Work to be completed ▸
Using the material below, repeat exactly the lines from the one with "Newborn Toddler Cute" through the one with "Seamless pattern background", ends included, without any images.

Segment Start: Record extracts

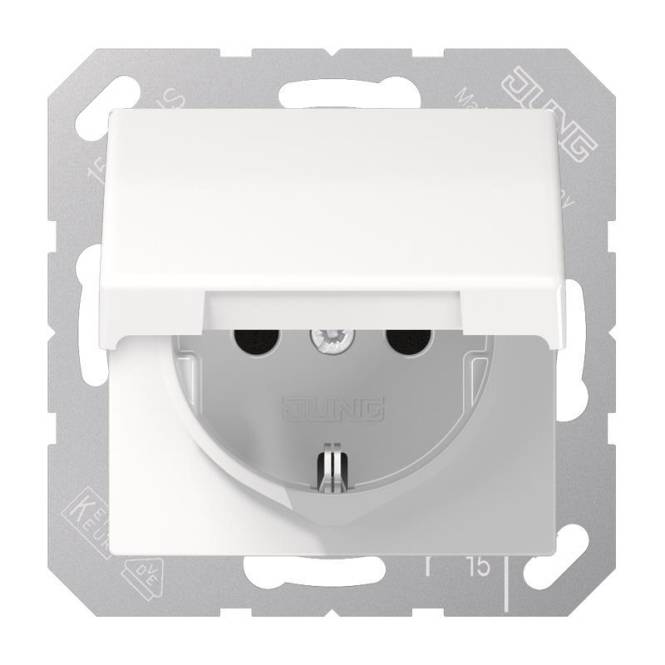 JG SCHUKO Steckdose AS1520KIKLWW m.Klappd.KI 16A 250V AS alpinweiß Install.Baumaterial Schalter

Segment End: Record extracts
Segment Start: Record extracts

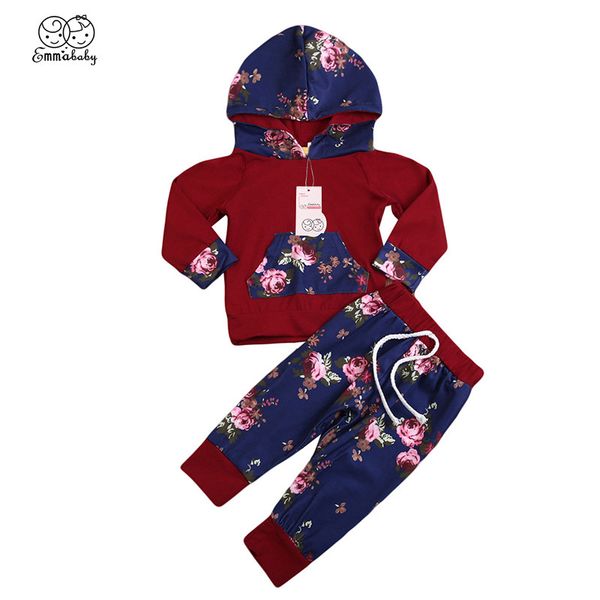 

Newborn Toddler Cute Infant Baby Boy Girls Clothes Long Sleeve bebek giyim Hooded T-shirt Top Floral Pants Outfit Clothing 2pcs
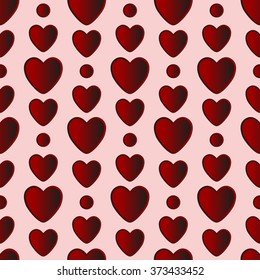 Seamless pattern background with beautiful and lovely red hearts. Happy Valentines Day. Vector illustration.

Segment End: Record extracts
Segment Start: Record extracts

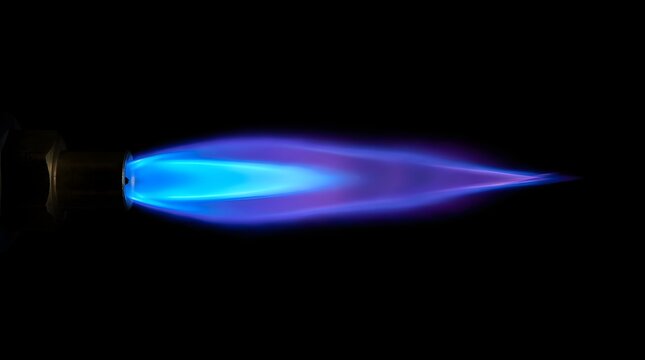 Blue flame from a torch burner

Segment End: Record extracts

Solution for this exercise ▸
Newborn Toddler Cute Infant Baby Boy Girls Clothes Long Sleeve bebek giyim Hooded T-shirt Top Floral Pants Outfit Clothing 2pcs
 Seamless pattern background with beautiful and lovely red hearts. Happy Valentines Day. Vector illustration.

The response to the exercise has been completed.